= EXERCISE =
Under this line are the records; write out word for word the part that begins at the line containing "Ravenna Home Vintage" and ends at the line containing "Ensemble 2 pièces", and no more.

= SOURCE MATERIAL =

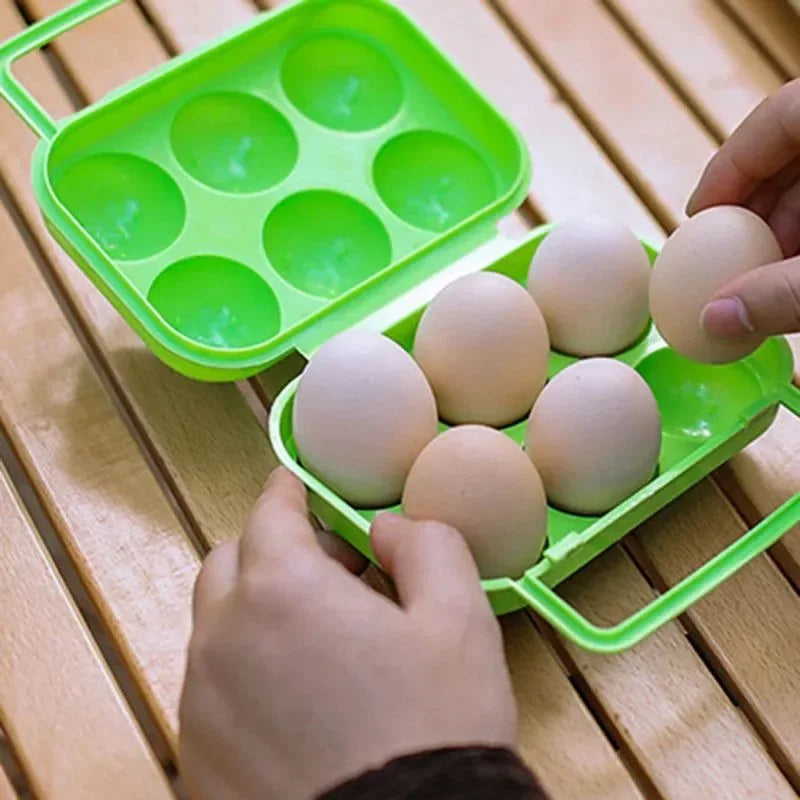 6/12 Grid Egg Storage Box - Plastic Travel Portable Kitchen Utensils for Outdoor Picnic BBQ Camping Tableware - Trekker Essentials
---
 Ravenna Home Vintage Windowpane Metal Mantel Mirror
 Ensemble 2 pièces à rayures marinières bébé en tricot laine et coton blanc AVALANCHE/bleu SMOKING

= ANSWER TO THIS TASK =
 Ravenna Home Vintage Windowpane Metal Mantel Mirror
 Ensemble 2 pièces à rayures marinières bébé en tricot laine et coton blanc AVALANCHE/bleu SMOKING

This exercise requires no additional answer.